Have you read Dave Bidini's book yet, and if so, what were your impressions?

Downie: Yeah, I read it in a night. Chewed it up. It was awesome. It was really flattering. And interesting. He's a great writer. He captured something that's not easy to capture. Not just the tour, but impressions; his own impressions about his own band were heart-stopping. Talking about their inner conflicts, and things that are very real to any band, any group of people that get together and decide to do something. Making a career out of their imagination. You get a group of four or five people who have ideas, and it's like trying to do it all on the ass of an elephant. It's very difficult, very hard. So I thought it was a book that depicted that very well. Stories that are entirely relevant. To anybody. Really good stuff. Hilarious, too.

Do you think the fact of having to tour across Canada, and the hardships that come with that - especially if you're traveling during winter by van, or whatever - does that perhaps help to strengthen Canadian bands, in the sense that the ones that survive are the strongest, because they have to come together and stick together to survive it?
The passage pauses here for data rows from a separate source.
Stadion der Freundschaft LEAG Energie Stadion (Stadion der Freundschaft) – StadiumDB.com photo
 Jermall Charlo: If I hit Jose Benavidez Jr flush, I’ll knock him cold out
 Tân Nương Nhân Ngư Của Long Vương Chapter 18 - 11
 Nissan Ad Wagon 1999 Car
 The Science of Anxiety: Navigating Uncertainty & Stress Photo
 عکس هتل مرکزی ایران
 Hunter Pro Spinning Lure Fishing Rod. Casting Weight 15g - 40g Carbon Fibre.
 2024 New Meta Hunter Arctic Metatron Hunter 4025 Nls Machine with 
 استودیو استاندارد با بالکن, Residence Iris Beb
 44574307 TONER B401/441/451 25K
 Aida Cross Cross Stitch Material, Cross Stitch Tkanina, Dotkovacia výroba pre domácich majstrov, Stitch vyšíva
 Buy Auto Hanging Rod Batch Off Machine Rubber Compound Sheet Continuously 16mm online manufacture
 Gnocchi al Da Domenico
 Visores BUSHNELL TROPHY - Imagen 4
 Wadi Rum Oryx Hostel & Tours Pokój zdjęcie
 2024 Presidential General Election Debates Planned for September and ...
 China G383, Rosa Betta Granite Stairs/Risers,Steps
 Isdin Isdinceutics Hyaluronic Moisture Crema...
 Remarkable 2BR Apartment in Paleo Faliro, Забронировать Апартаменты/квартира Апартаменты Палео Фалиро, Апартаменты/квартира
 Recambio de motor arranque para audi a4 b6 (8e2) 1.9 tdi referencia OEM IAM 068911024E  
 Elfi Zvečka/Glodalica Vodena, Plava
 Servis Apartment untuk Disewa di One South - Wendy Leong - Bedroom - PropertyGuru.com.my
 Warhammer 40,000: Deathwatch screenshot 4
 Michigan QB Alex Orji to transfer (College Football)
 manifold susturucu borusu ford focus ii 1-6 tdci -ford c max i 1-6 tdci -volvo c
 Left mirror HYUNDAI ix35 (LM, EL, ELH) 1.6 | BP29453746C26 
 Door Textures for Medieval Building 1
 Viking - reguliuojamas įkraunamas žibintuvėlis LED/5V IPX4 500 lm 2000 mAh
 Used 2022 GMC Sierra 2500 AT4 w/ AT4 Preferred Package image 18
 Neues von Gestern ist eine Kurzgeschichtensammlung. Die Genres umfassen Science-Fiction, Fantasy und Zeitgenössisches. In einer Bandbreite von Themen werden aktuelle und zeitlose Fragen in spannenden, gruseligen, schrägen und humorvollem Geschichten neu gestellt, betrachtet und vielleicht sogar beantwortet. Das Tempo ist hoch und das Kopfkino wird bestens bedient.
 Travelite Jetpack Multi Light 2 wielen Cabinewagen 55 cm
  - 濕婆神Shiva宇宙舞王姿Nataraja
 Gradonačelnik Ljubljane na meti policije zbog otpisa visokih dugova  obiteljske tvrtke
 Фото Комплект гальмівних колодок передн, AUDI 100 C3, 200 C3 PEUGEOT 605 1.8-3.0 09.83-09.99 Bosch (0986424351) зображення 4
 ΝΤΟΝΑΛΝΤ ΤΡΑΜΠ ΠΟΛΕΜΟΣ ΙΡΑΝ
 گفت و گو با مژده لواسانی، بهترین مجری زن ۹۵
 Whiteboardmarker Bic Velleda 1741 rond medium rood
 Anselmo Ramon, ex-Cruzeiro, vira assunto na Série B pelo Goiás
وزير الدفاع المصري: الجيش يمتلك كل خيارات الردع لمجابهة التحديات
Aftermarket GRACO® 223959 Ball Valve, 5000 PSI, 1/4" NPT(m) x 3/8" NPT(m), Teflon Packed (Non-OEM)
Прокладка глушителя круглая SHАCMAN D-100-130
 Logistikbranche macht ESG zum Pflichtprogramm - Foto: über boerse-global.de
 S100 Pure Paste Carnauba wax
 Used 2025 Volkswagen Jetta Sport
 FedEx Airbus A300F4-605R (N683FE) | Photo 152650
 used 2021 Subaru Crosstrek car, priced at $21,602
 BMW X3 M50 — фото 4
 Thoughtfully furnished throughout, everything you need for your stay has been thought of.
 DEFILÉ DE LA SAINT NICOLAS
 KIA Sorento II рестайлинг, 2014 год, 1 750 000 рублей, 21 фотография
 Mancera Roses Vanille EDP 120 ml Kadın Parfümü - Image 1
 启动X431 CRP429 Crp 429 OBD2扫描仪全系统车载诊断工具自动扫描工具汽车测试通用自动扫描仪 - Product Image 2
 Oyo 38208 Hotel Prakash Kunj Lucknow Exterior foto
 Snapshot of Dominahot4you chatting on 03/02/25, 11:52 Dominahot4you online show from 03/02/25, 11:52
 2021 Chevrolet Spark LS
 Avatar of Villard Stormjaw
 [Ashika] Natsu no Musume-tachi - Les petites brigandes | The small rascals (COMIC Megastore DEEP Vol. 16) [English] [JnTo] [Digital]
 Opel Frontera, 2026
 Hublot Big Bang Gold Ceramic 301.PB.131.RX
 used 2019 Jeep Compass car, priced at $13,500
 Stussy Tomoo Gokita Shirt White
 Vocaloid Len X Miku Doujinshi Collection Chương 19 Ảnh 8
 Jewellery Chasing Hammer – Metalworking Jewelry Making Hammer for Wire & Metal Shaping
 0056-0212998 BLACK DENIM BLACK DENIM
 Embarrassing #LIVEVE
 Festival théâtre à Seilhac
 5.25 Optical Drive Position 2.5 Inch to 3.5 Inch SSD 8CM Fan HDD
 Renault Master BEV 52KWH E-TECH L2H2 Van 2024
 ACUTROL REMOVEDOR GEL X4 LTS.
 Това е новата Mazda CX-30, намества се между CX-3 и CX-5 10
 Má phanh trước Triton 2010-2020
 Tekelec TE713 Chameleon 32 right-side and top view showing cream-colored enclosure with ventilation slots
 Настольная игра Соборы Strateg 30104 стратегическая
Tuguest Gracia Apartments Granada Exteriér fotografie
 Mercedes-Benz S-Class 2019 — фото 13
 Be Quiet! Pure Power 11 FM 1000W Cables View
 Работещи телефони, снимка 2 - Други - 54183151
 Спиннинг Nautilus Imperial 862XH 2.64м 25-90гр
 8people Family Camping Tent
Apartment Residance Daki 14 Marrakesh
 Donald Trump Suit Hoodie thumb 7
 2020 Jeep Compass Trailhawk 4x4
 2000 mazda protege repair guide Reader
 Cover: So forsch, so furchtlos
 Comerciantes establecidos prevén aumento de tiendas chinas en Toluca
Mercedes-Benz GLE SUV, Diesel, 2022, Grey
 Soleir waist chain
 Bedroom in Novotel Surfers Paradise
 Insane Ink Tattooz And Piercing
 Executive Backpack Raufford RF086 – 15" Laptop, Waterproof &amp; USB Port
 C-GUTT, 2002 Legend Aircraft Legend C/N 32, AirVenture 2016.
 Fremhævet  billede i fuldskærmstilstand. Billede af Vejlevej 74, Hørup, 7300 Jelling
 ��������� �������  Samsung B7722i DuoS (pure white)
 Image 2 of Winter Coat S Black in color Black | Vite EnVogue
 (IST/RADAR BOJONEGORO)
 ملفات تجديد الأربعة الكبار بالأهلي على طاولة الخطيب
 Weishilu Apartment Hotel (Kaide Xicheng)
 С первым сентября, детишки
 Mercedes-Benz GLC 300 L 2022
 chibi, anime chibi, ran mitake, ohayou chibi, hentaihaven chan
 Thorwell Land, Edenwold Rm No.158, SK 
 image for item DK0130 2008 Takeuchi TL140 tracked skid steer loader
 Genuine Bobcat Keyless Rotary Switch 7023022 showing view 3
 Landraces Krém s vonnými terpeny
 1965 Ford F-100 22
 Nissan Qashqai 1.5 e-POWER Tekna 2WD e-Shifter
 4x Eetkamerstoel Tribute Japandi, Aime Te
Downie: It certainly helped Rush. Have you heard their new live record at all? I kind of came to them late in life, but Different Stages? That's killer. There's a band - and I don't know if the Canadian landscape had anything to do with it — but man, they're tight. And you listen to it, there's this disc from '72, and then one from the '90s, and you can't tell the difference. Eminently entertaining.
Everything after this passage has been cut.